PDB tahun 2018 mencapai Rp 14.837,4 triliun, jika disetahunkan dengan tingkat pertumbuhan 5,3 persen, proyeksi PDB 2019 mencapai Rp 15.623,78 triliun. Dengan demikian, dapat diperkirakan proporsi total kredit pada triwulan I-2019 sudah mencapai 32,55 persen dari PDB 2019.

Sebagaimana diketahui, kredit merupakan variabel makro-ekonomi yang turut mendongkrak  pertumbuhan atau memperbesar nilai PDB. Jika pertumbuhan kredit melemah akibat melemahnya pertumbuhan global, Indonesia harus menjadikan ini sebagai suatu tantangan dan  perlu segera mereformasi struktural perekonomiannya.

Revisi OJK

Awalnya, OJK memprediksi pertumbuhan kredit  perbankan pada 2019 bisa mencapai 14 persen, tetapi dikoreksi oleh Wimboh Santoso, Ketua Dewan Komisioner OJK, Senin (12/3/2019) menjadi 12-13 persen.

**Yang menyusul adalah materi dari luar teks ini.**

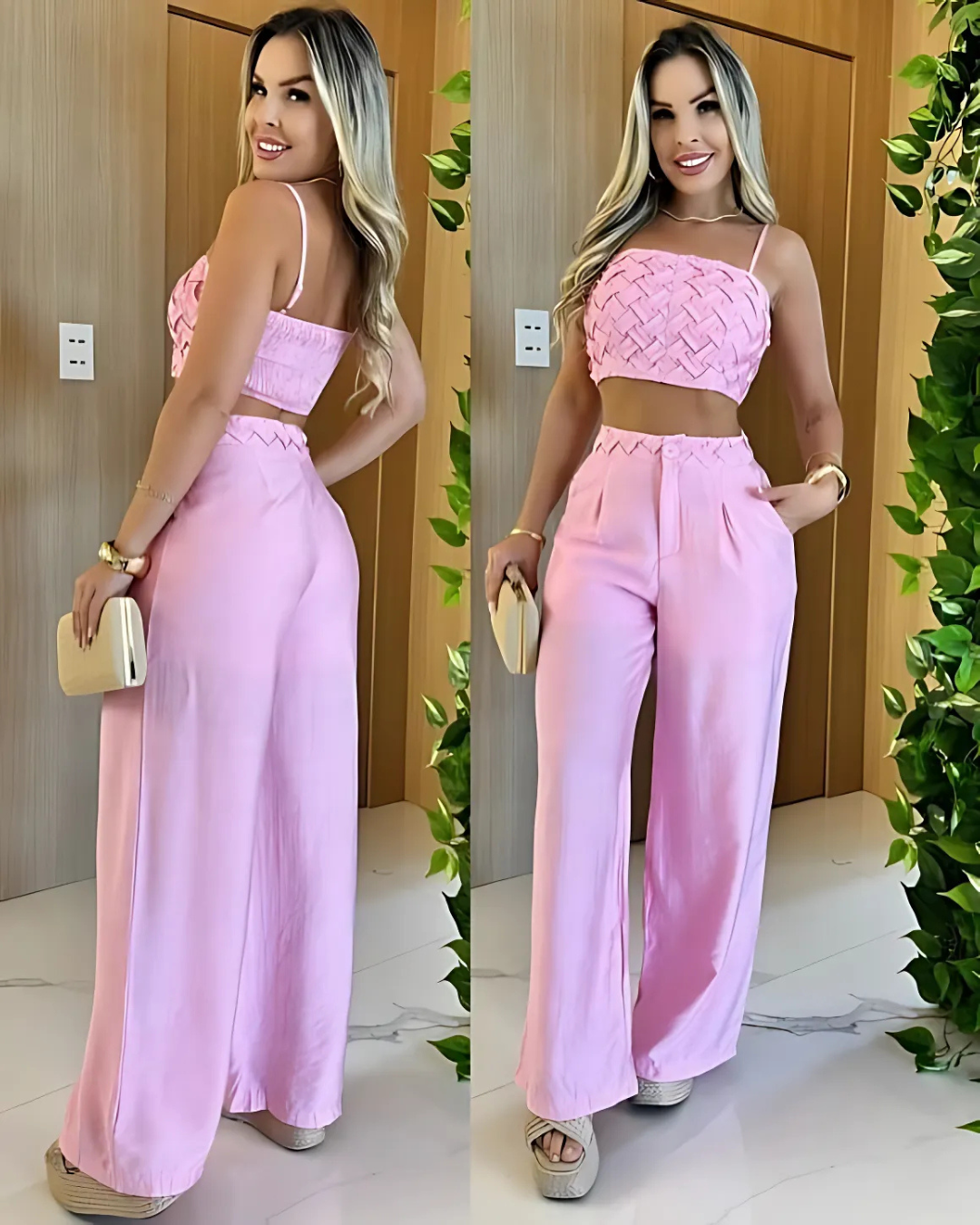 Set de Vară pentru Femei cu Pantaloni Palazzo și Top Scurt cu Bretele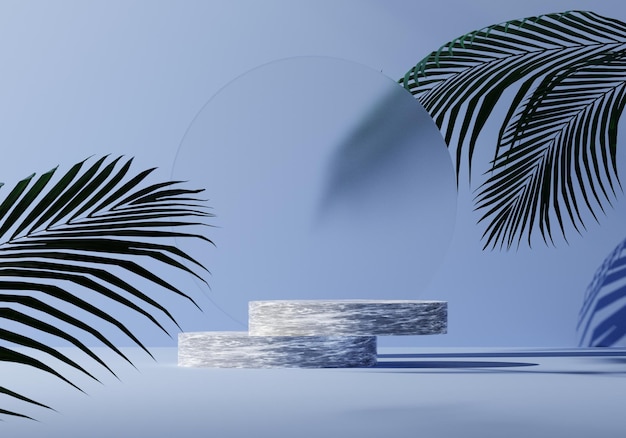 Podiumsmodell aus weißem Marmorsockel, blaue Wandkulisse mit natürlichem Blatt, Pflanze, Produktplattform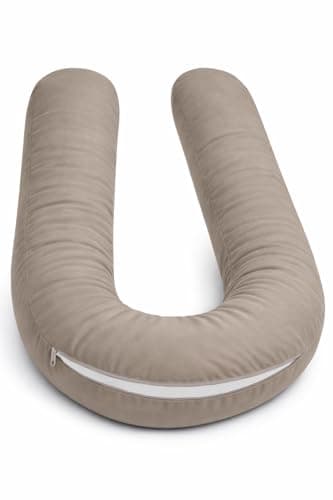 MIA U Shaped Pregnancy Pillow Case 100% Cotton Nursing Maternity Body Bolster Support Cover Zip Closure 9Feet (275cm) — view 4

Sesuai dengan data SPI triwulan I, kredit perbankan komersial hanya tumbuh 1,95 persen (year to date) Januari-Maret 2019 dan tumbuh 10,46 persen (year on year) terhadap triwulan I-2018.

Dengan seretnya pertumbuhan pada triwulan I-2019, gambaran nyata ke depan adalah susahnya menembus pertumbuhan 12-13 persen, tanpa reformasi struktural yang signifikan, kendati LDR sudah mencapai 94 persen. Jika diasumsikan kemampuan ekspansi kredit sebesar 9,42 persen pada CAR terjaga 14 persen, ekspansi kredit maksimal Rp 526,75 triliun, belum dikurangi undisbursed loan Rp 365,02 triliun.

Praktis kelonggaran ekspansi kredit hanya Rp 161,73 triliun. Jika pada akhir tahun ekspansi kredit Rp 526,75 triliun, pertumbuhan kredit diperkirakan maksimal 11,15 persen.

Artinya, kendati reformasi struktural dilakukan, jika perbankan hanya mampu menyalurkan kredit maksimal 11,15 persen, reformasi struktural akan melempem. Obat yang didengungkan adalah meningkatkan modal perbankan.

Modal perbankan perlu ditingkatkan untuk me-leverage kemampuan bank dalam menyalurkan kredit, dengan demikian perbankan Indonesia sungguh-sungguh menjadi  institusi intermediasi. Bukan seperti selama ini, ada bank yang memiliki LDR di bawah 76 persen masih dibiarkan sebagai lembaga intermediasi, padahal praktiknya sebagai investment banking.